» Task:
Give again the line that contains "Honda 25950PL1000 BOLT COMP,JOINT" and every line after it to the end of the records. Keep them exactly as they are and add nothing.

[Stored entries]
--------------------
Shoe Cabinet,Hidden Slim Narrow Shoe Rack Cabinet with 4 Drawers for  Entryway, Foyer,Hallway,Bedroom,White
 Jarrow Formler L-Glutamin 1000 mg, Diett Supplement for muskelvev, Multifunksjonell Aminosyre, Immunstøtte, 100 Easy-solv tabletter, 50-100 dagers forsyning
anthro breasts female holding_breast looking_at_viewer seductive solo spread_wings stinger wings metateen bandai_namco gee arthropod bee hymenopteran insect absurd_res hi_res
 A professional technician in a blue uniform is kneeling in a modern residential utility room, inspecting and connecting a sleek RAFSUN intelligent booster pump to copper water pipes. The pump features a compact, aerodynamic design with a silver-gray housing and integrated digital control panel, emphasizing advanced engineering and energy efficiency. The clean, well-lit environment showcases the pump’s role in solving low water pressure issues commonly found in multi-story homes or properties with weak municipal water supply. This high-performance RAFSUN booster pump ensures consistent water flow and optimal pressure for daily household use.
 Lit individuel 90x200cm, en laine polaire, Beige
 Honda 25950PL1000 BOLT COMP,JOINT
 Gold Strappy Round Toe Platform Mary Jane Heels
--------------------
» Output below:
 Honda 25950PL1000 BOLT COMP,JOINT
 Gold Strappy Round Toe Platform Mary Jane Heels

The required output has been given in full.